_WORK ORDER_
For the entries that follow, set down each one exactly and drop any pictures.

**** EXCERPTED DATA ****

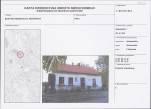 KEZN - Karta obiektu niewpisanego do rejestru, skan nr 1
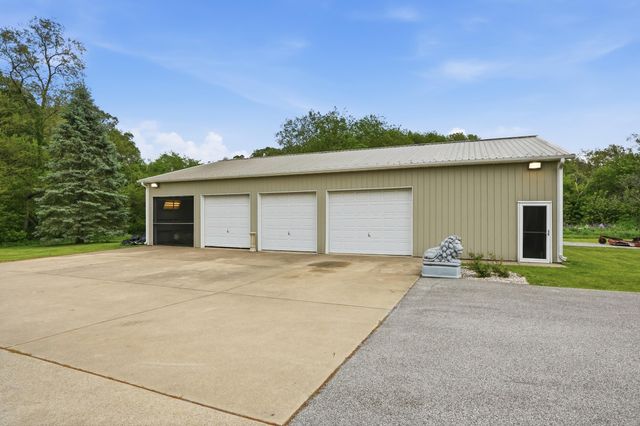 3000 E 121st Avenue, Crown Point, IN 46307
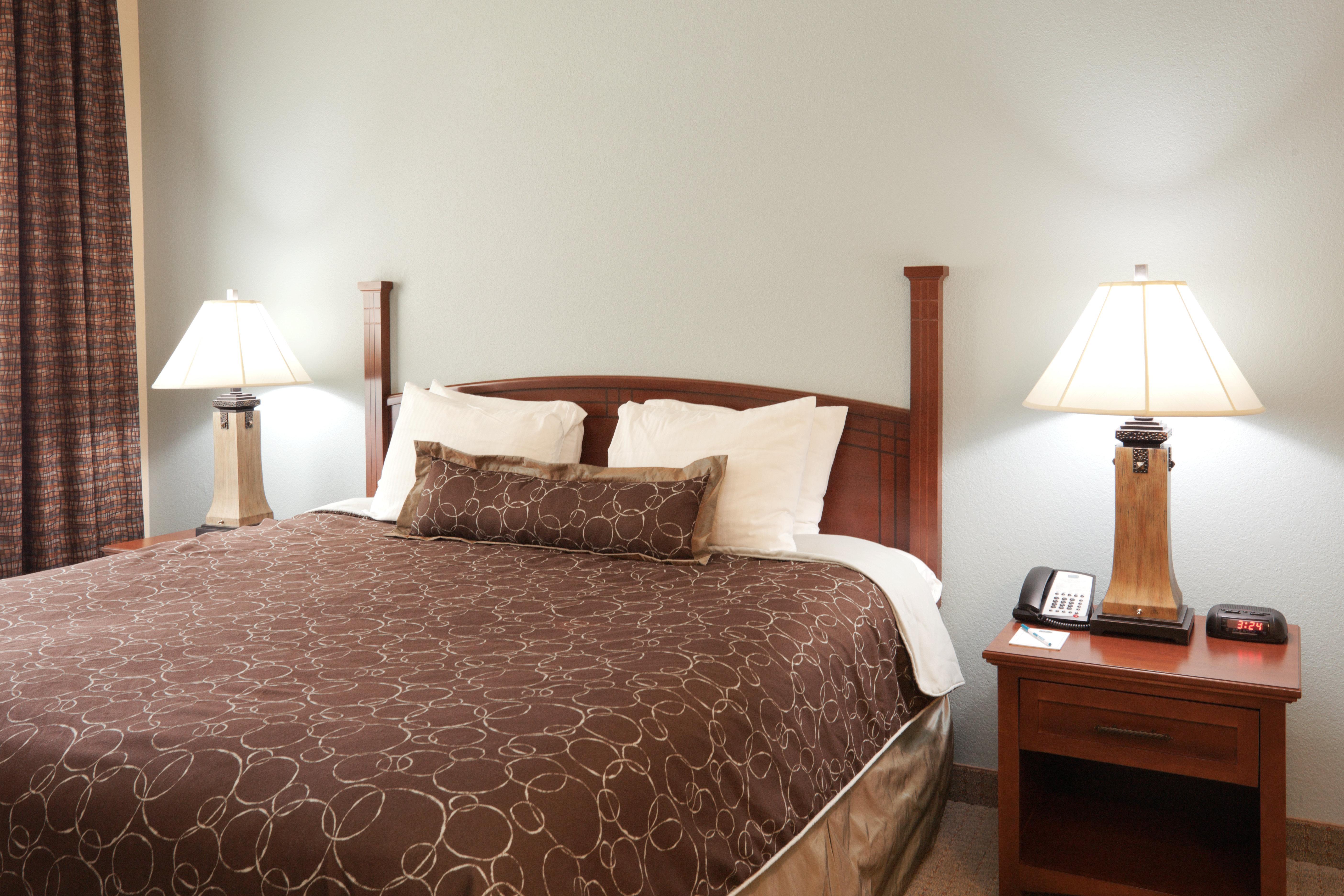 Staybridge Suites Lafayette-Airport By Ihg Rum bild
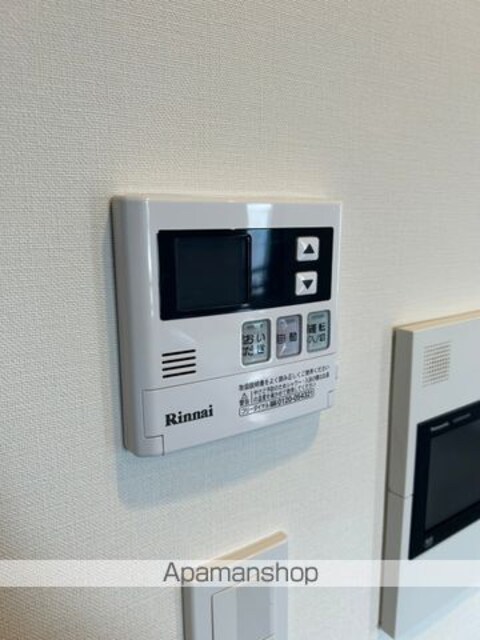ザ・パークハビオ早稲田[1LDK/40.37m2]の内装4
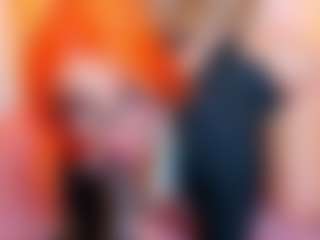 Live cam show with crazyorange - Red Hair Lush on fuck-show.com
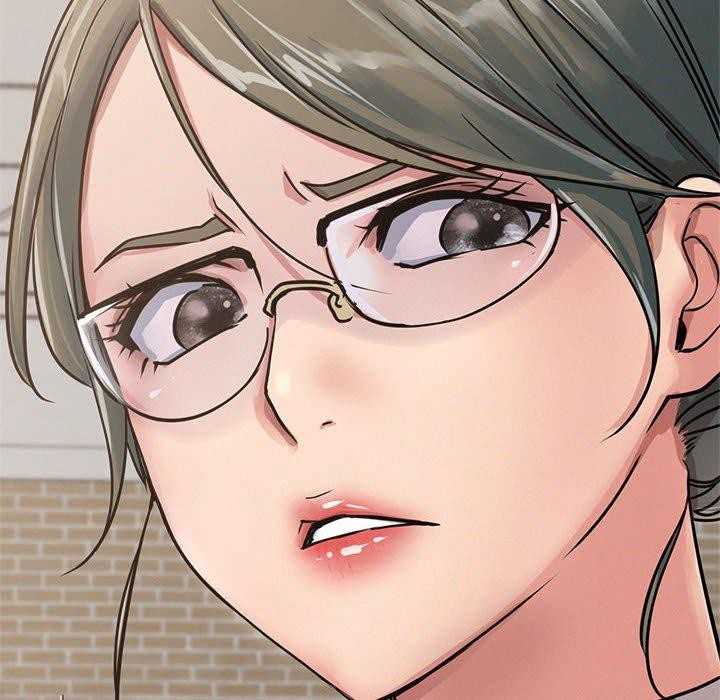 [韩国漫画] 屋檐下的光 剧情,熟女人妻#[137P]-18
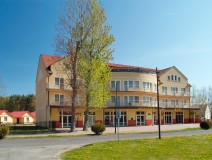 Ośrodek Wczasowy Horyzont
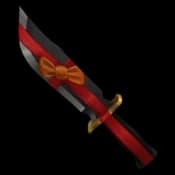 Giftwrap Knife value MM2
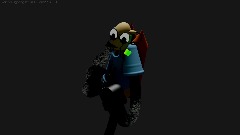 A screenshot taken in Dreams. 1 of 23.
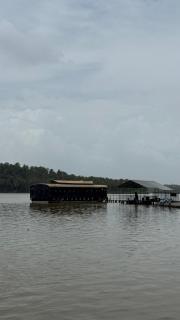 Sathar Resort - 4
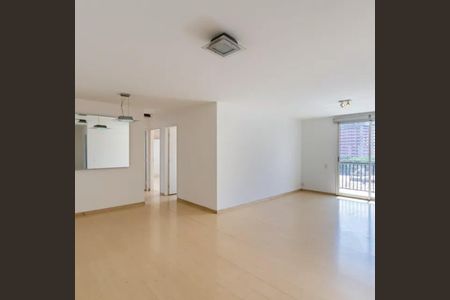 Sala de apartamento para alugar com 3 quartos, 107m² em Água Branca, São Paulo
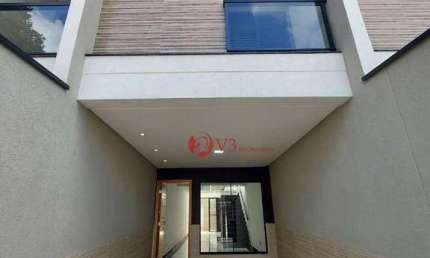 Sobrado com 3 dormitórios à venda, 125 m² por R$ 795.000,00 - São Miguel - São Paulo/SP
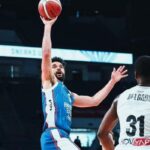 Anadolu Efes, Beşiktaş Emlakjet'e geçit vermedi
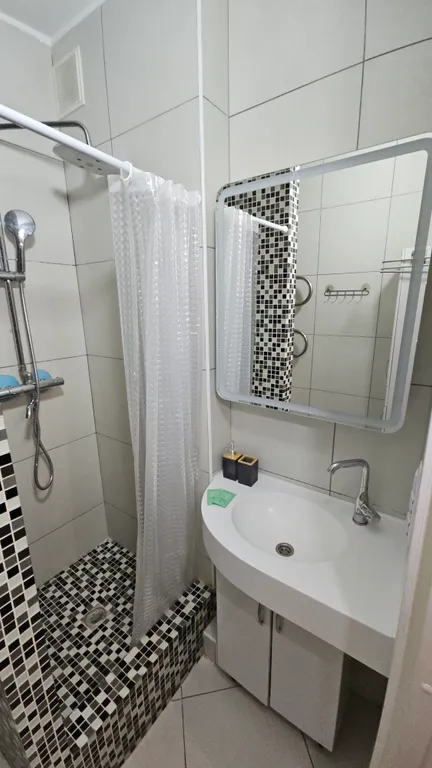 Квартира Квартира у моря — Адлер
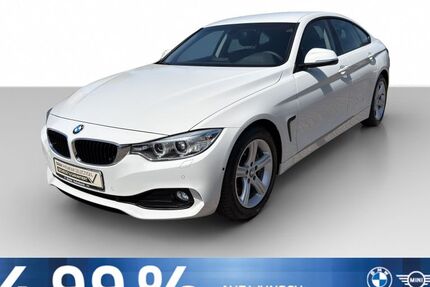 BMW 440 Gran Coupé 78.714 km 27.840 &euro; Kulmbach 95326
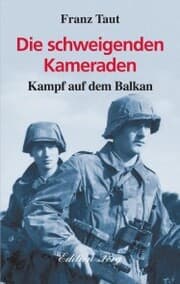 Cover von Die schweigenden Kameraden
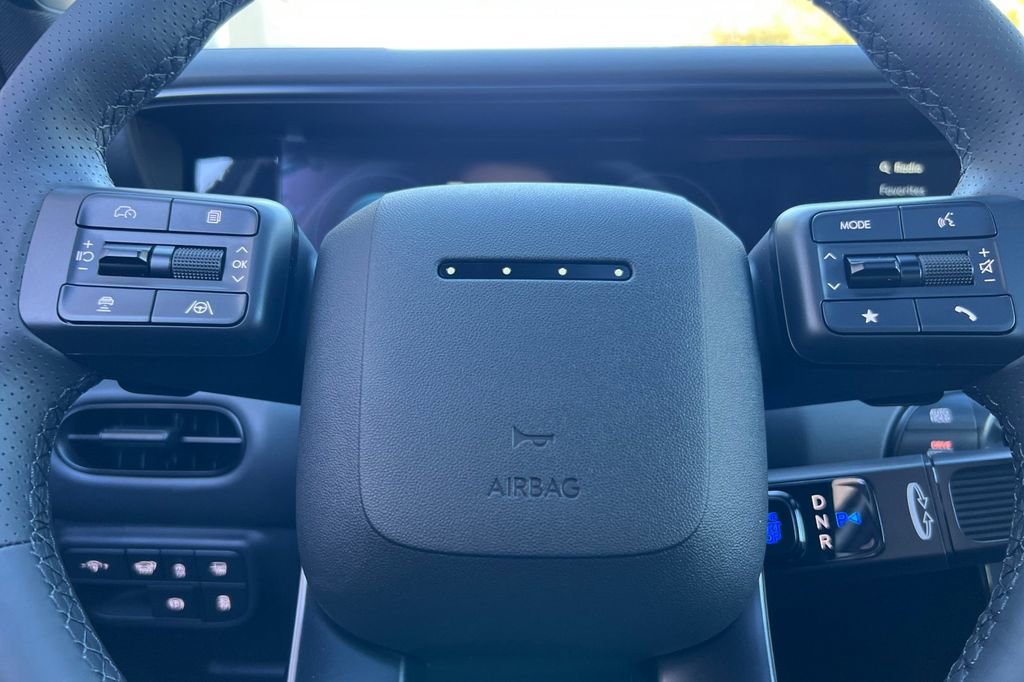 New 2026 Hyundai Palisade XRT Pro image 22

****

_SOLUTION BELOW_
 KEZN - Karta obiektu niewpisanego do rejestru, skan nr 1
 3000 E 121st Avenue, Crown Point, IN 46307
 Staybridge Suites Lafayette-Airport By Ihg Rum bild
ザ・パークハビオ早稲田[1LDK/40.37m2]の内装4
 Live cam show with crazyorange - Red Hair Lush on fuck-show.com
 [韩国漫画] 屋檐下的光 剧情,熟女人妻#[137P]-18
 Ośrodek Wczasowy Horyzont
 Giftwrap Knife value MM2
 A screenshot taken in Dreams. 1 of 23.
 Sathar Resort - 4
 Sala de apartamento para alugar com 3 quartos, 107m² em Água Branca, São Paulo
 Sobrado com 3 dormitórios à venda, 125 m² por R$ 795.000,00 - São Miguel - São Paulo/SP
 Anadolu Efes, Beşiktaş Emlakjet'e geçit vermedi
 Квартира Квартира у моря — Адлер
 BMW 440 Gran Coupé 78.714 km 27.840 &euro; Kulmbach 95326
 Cover von Die schweigenden Kameraden
 New 2026 Hyundai Palisade XRT Pro image 22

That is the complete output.